= ASSIGNMENT =
Once you reach the line containing "Jaosy Silver Multi" in the data below, restate each line word for word up to and including the one containing "VEVOR Ride On".

= PROVIDED RECORDS =
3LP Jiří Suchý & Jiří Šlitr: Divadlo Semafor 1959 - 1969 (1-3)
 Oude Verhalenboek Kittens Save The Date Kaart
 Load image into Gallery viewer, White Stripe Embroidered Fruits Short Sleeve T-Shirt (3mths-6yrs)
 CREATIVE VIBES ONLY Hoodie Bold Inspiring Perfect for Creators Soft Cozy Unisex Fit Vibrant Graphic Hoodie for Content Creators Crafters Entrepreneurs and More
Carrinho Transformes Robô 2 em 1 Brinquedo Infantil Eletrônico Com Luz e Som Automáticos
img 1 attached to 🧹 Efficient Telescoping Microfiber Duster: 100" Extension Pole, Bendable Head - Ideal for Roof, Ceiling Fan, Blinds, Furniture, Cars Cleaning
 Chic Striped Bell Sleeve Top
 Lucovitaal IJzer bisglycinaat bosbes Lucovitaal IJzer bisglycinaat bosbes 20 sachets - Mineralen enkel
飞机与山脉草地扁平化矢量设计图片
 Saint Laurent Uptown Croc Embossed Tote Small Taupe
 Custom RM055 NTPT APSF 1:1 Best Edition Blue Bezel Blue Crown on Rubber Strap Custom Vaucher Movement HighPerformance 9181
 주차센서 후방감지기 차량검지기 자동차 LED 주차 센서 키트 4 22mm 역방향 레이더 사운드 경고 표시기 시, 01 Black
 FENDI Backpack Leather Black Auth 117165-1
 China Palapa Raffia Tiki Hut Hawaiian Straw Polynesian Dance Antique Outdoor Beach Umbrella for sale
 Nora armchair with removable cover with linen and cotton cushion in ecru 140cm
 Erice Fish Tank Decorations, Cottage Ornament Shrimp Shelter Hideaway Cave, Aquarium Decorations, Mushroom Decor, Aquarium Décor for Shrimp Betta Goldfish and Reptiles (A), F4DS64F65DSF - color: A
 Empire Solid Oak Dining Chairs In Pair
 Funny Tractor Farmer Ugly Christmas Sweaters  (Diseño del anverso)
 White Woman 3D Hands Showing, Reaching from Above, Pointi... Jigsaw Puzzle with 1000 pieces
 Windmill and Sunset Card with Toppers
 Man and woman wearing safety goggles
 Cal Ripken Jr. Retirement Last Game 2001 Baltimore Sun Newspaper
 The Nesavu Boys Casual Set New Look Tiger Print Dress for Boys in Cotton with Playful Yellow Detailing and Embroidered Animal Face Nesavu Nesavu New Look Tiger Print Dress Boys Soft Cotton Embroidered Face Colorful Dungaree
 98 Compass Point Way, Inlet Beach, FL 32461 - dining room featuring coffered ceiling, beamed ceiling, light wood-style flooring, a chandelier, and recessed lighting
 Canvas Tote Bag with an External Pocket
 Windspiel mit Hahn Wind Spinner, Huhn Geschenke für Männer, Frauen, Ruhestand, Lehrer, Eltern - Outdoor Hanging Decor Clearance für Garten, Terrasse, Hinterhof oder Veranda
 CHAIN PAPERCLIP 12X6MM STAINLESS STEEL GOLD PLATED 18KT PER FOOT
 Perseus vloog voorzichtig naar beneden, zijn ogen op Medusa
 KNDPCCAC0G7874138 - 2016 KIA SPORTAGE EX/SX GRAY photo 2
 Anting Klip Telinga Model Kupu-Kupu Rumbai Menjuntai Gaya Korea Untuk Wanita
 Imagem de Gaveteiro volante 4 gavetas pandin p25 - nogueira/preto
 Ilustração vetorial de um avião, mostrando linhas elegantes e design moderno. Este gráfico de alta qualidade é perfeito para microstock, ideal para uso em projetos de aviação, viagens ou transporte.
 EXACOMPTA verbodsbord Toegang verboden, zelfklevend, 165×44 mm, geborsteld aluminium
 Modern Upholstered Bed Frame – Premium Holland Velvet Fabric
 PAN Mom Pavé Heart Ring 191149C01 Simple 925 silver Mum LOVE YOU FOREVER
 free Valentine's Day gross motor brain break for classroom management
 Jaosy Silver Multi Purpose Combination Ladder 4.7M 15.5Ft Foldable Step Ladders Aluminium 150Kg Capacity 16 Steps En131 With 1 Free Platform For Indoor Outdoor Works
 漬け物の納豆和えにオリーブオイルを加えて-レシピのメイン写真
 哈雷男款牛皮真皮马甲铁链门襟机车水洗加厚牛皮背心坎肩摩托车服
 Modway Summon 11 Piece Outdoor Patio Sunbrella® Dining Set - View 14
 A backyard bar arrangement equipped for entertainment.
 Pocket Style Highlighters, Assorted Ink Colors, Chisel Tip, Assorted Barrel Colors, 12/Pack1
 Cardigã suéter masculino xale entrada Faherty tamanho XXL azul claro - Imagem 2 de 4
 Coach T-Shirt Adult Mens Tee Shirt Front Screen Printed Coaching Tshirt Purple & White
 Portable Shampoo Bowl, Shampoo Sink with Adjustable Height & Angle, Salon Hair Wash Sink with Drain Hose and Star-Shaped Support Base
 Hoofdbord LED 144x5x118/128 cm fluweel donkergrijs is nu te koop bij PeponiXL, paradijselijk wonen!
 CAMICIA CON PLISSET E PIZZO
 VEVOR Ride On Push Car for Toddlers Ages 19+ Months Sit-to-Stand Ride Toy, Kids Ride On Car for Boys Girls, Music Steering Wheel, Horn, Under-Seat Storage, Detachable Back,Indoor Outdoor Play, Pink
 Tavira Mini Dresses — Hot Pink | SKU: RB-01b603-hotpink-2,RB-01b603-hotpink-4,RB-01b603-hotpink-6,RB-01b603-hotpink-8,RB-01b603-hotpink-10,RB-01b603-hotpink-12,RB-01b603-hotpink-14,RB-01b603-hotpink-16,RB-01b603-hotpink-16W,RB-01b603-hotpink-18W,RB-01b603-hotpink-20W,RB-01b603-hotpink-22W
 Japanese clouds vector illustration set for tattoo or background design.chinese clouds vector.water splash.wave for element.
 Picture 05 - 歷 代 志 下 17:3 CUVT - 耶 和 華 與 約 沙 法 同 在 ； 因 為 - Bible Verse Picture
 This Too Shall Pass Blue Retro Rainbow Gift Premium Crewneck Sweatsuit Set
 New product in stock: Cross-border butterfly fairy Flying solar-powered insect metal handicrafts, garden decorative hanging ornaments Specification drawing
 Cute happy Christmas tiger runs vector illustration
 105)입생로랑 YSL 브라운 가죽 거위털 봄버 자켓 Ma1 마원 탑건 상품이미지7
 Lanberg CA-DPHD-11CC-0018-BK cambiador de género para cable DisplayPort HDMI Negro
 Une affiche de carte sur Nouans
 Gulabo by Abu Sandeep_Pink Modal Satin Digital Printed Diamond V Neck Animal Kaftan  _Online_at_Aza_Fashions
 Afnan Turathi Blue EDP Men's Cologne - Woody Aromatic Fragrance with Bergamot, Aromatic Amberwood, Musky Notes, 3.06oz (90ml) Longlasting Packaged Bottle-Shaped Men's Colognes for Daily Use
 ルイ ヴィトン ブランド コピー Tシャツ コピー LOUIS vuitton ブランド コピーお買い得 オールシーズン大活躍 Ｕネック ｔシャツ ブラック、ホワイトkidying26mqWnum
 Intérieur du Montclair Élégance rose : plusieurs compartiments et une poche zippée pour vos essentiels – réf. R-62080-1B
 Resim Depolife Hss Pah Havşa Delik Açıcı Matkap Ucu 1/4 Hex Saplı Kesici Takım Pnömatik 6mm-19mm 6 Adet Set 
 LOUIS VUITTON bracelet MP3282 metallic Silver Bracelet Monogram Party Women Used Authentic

= RESULT OF THE EXERCISE =
 Jaosy Silver Multi Purpose Combination Ladder 4.7M 15.5Ft Foldable Step Ladders Aluminium 150Kg Capacity 16 Steps En131 With 1 Free Platform For Indoor Outdoor Works
 漬け物の納豆和えにオリーブオイルを加えて-レシピのメイン写真
 哈雷男款牛皮真皮马甲铁链门襟机车水洗加厚牛皮背心坎肩摩托车服
 Modway Summon 11 Piece Outdoor Patio Sunbrella® Dining Set - View 14
 A backyard bar arrangement equipped for entertainment.
 Pocket Style Highlighters, Assorted Ink Colors, Chisel Tip, Assorted Barrel Colors, 12/Pack1
 Cardigã suéter masculino xale entrada Faherty tamanho XXL azul claro - Imagem 2 de 4
 Coach T-Shirt Adult Mens Tee Shirt Front Screen Printed Coaching Tshirt Purple & White
 Portable Shampoo Bowl, Shampoo Sink with Adjustable Height & Angle, Salon Hair Wash Sink with Drain Hose and Star-Shaped Support Base
 Hoofdbord LED 144x5x118/128 cm fluweel donkergrijs is nu te koop bij PeponiXL, paradijselijk wonen!
 CAMICIA CON PLISSET E PIZZO
 VEVOR Ride On Push Car for Toddlers Ages 19+ Months Sit-to-Stand Ride Toy, Kids Ride On Car for Boys Girls, Music Steering Wheel, Horn, Under-Seat Storage, Detachable Back,Indoor Outdoor Play, Pink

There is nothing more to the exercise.